Title: Batch import all files in chunks » Batch import all Gettext .po files in chunks

Anybody wanna work on this one now? :) @steinmb?

Gábor Hojtsy’s picture

The D8MI sandbox at http://drupal.org/sandbox/goba/1624820 has a branch with lots of code to use for this. It was set aside to help focus on the core gettext functionality that got committed.

vasi1186’s picture

Assigned: Unassigned » vasi1186
vasi1186’s picture

Status: Active » Needs review
FileSize
14.11 KB

A fist version of the patch that needs review (and most probably some work still).

Gábor Hojtsy’s picture

Status: Needs review » Needs work

A quick review of the current patch. Mostly code style / docs stuff:

+++ b/core/lib/Drupal/Component/Gettext/BatchStateInterface.phpundefined
@@ -0,0 +1,50 @@
+<?php
+

Add @file level comments.

+++ b/core/lib/Drupal/Component/Gettext/BatchStateInterface.phpundefined
@@ -0,0 +1,50 @@
+ * Add state to an object to manage continue after a previous batch call.

"managed continue" does not sound like proper English :) "manage continuation of a reader" or something like that maybe?

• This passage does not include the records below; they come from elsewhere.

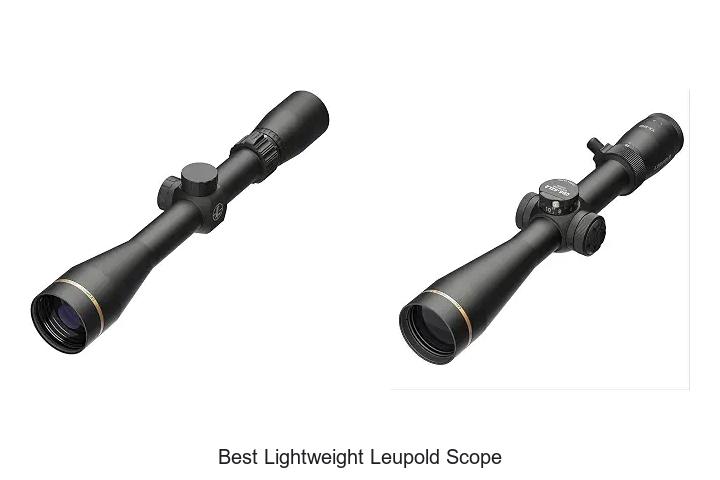 best lightweight leupold scope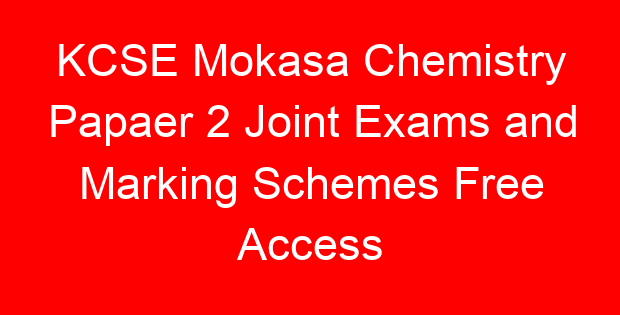 KCSE Mokasa Chemistry Papaer 2 Joint Exams and Marking Schemes Free Access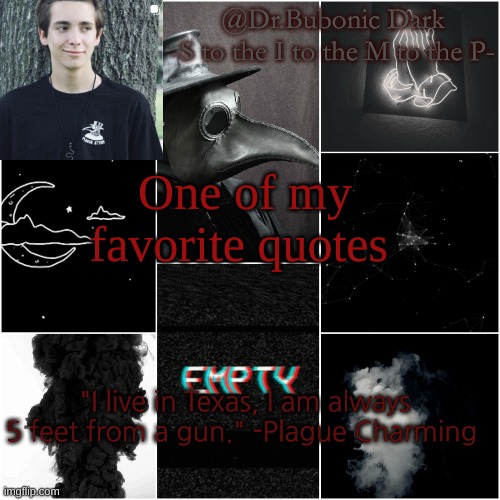 I'm a simp for this dude | One of my favorite quotes; "I live in Texas, I am always 5 feet from a gun." -Plague Charming | image tagged in i'm a simp for this dude | made w/ Imgflip meme maker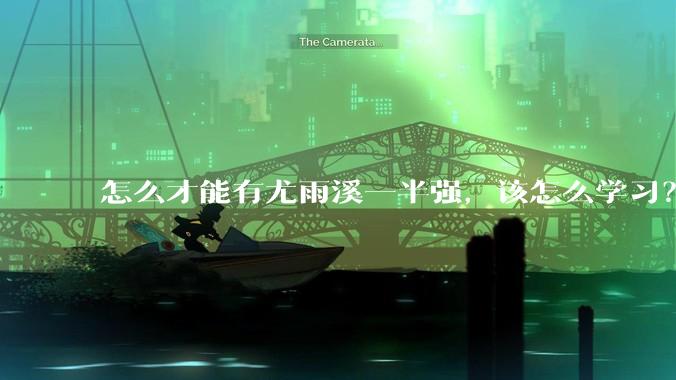 怎么才能有尤雨溪一半强,该怎么学习?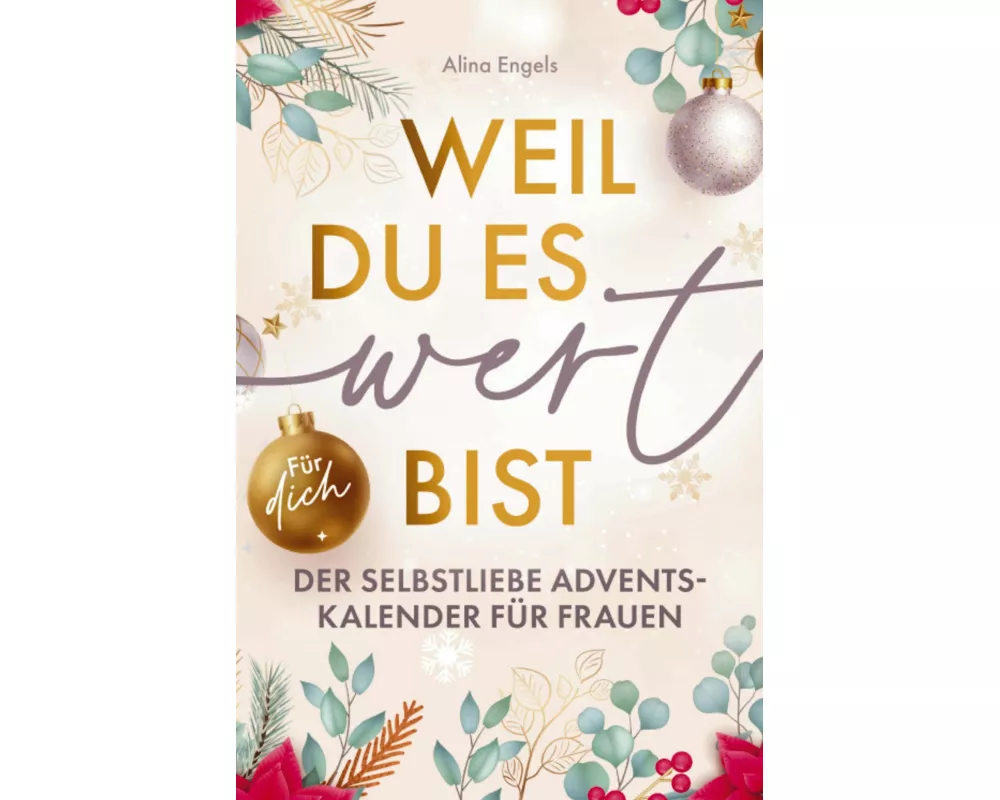 Weil du es wert bist | Der Selbstliebe Adventskalender für Frauen
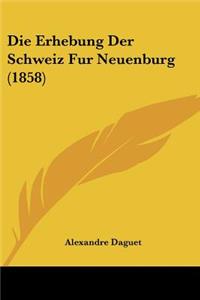 Die Erhebung Der Schweiz Fur Neuenburg (1858)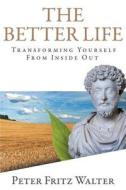 The Better Life: Transforming Yourself from Inside Out di Peter Fritz Walter edito da LIGHTNING SOURCE INC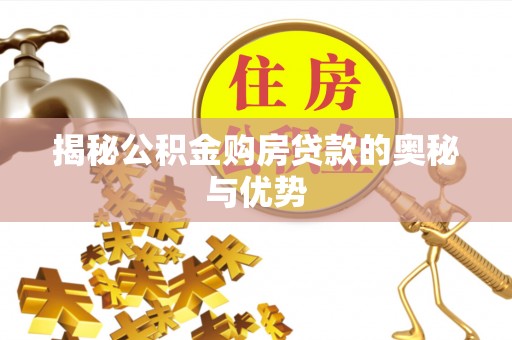 翠峦揭秘公积金购房贷款的奥秘与优势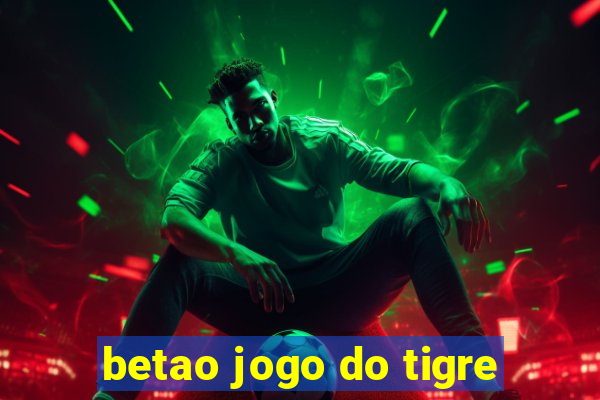 betao jogo do tigre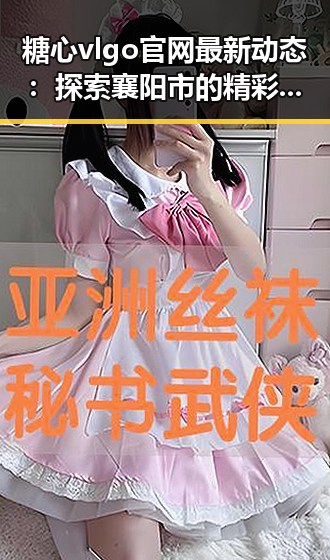 糖心vlgo官网最新动态：探索襄阳市的精彩内容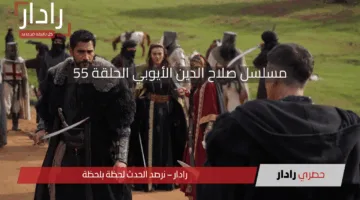 «إعلان صادم» مسلسل صلاح الدين الأيوبي الحلقة 55 يشعل محركات البحث والتواصل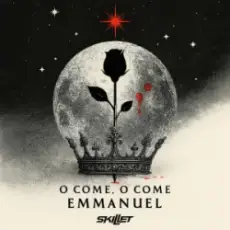 Обложка: Skillet - O Come, O Come Emmanuel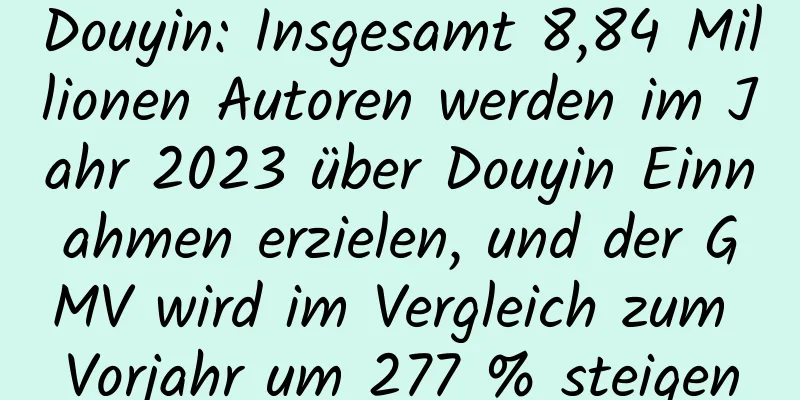 Douyin: Insgesamt 8,84 Millionen Autoren werden im Jahr 2023 über Douyin Einnahmen erzielen, und der GMV wird im Vergleich zum Vorjahr um 277 % steigen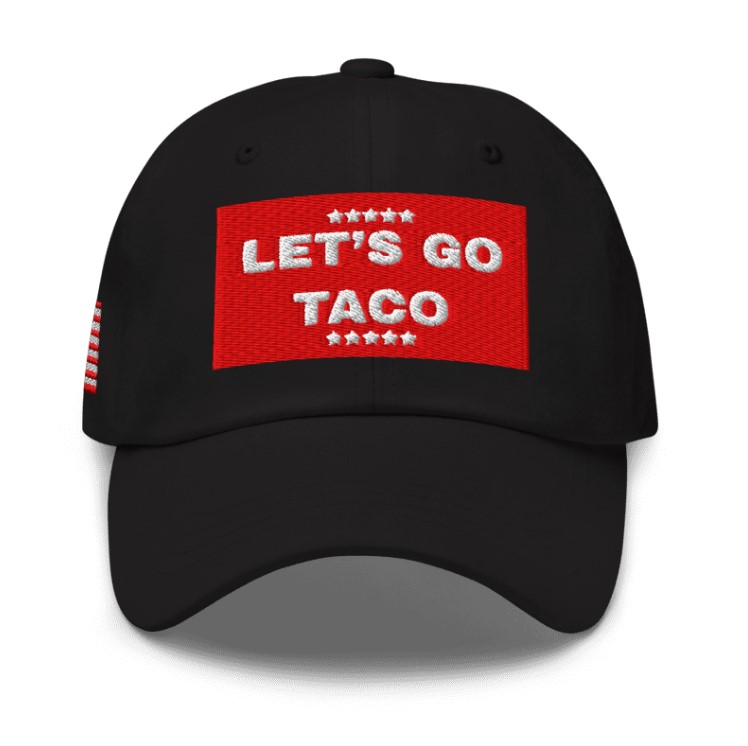 Taco Trump Always Chickens Funny Hat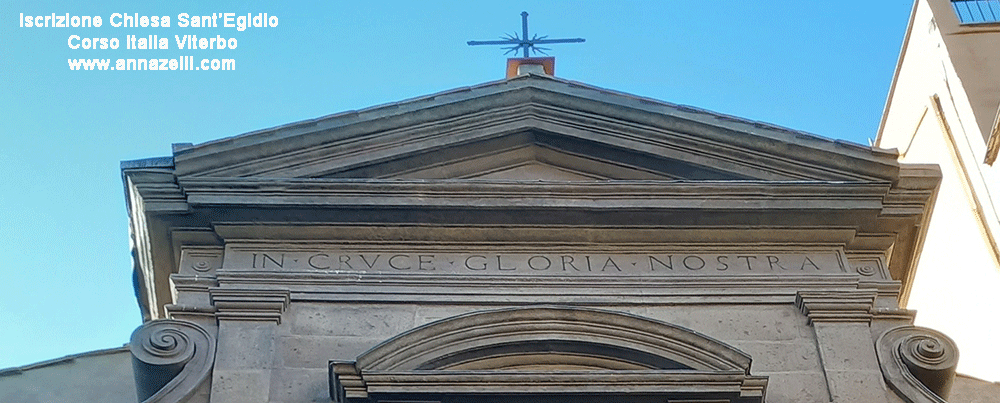scritta frontone alla ex chiesa di sant'egidio corso italia viterbo info e foto anna zelli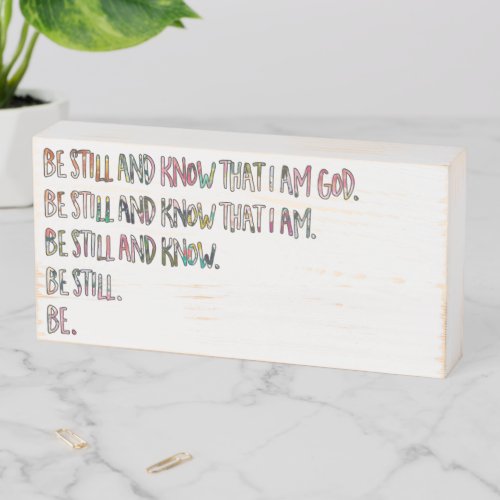 Be Still and Know Inspirational Bible Verse Wooden Box Sign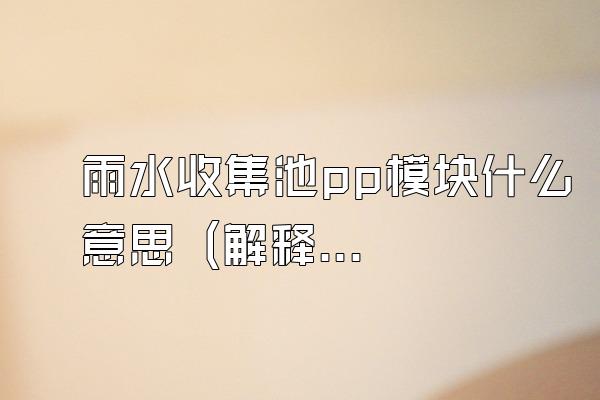 雨水收集池pp模块什么意思 (解释雨水收集池中pp模块的含义)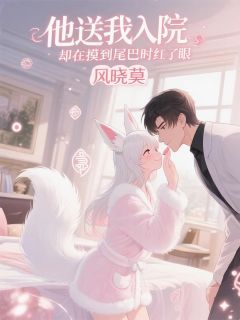 他送我入院，却在摸到尾巴时红眼未删减阅读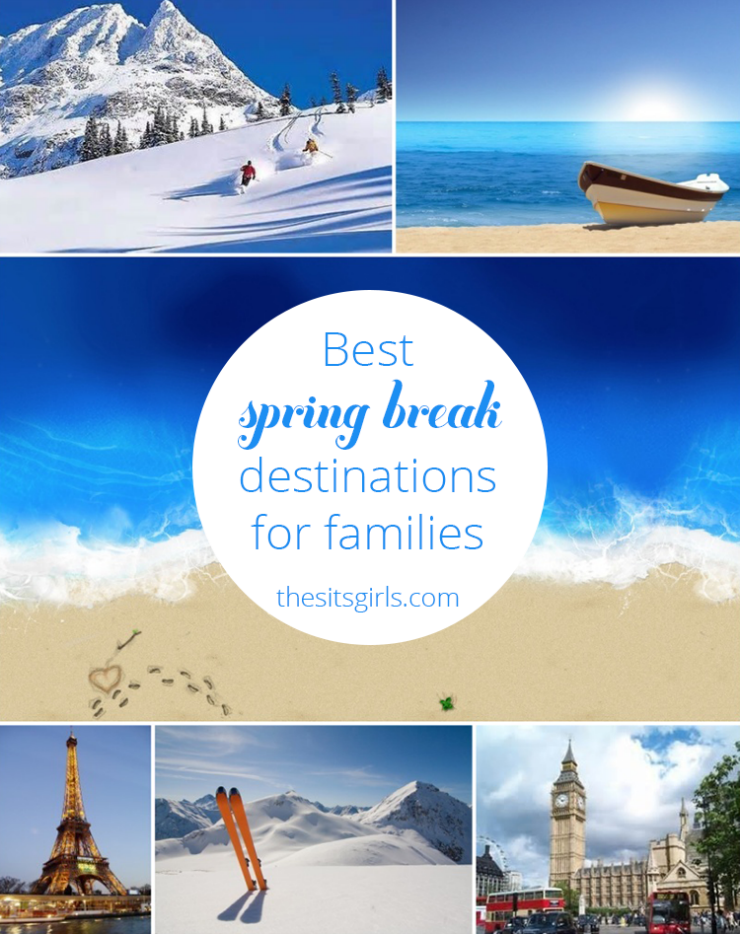 spring-break-destinations-family-travel-vacations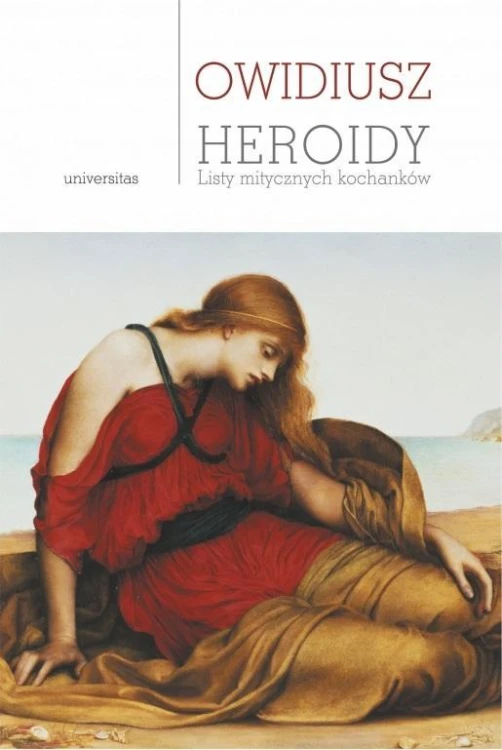 Heroidy. Listy mitycznych kochanków, Owidiusz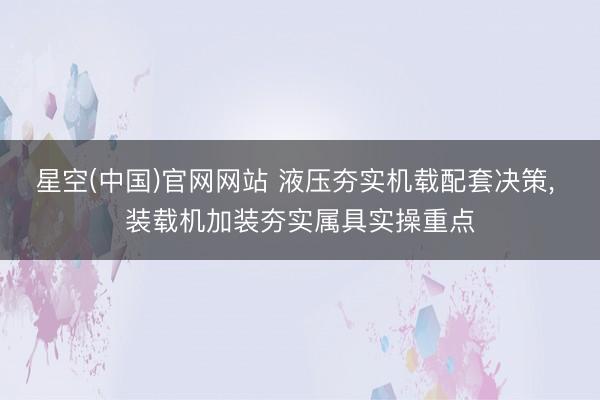 星空(中国)官网网站 液压夯实机载配套决策， 装载机加装夯实属具实操重点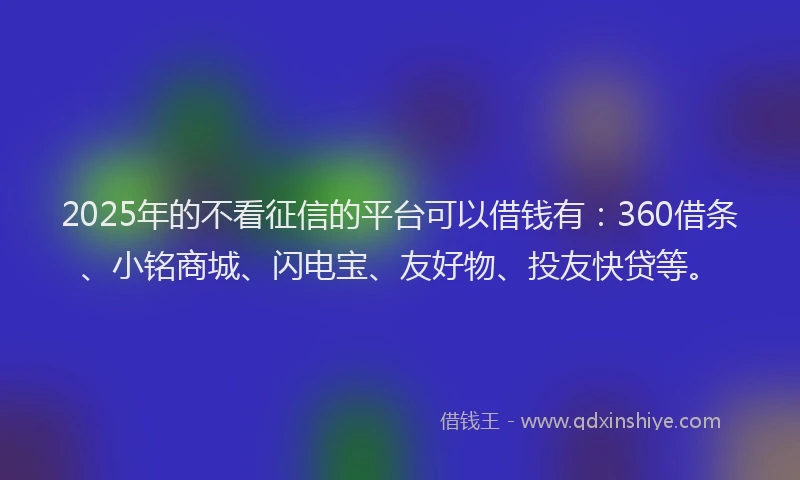 2025年的不看征信的平台可以借钱有：360借条、小铭商城、闪电宝、友好物、投友快贷等。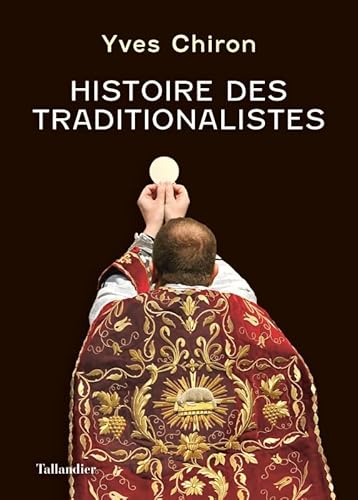 Histoire des traditionalistes: Suivie d'un dictionnaire biographique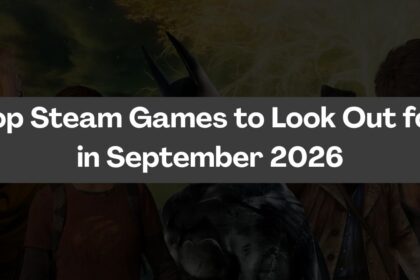 Top Steam Games to Look Out for in September 2026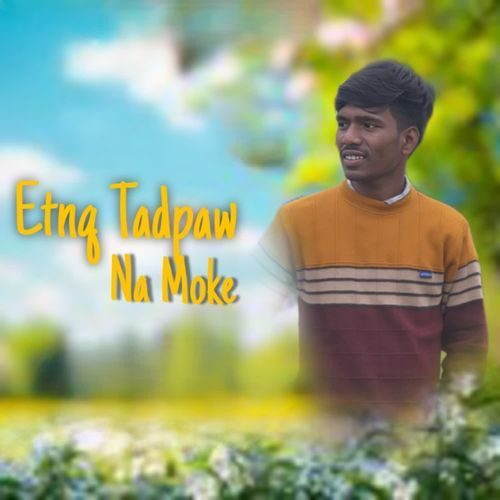 Etna Tadpaw na Moke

+++ b/core/lib/Drupal/Component/Gettext/BatchStateInterface.phpundefined
@@ -0,0 +1,50 @@
+   * The Class implemeting this interface must have an empty constructor.

implementing

+++ b/core/lib/Drupal/Component/Gettext/BatchStateInterface.phpundefined
@@ -0,0 +1,50 @@
+   * @return array
+   *   key/value pairs of which one must be 'class' => __CLASS__

- Key/value (start with uppercase)
- of which one => out of which one?

+++ b/core/lib/Drupal/Component/Gettext/PoStreamReader.phpundefined
@@ -205,6 +206,36 @@ class PoStreamReader implements PoStreamInterface, PoReaderInterface {
+    // Make sure to (re)read the PoHeader

// Make sure to re-read the header first to have metadata for plural forms.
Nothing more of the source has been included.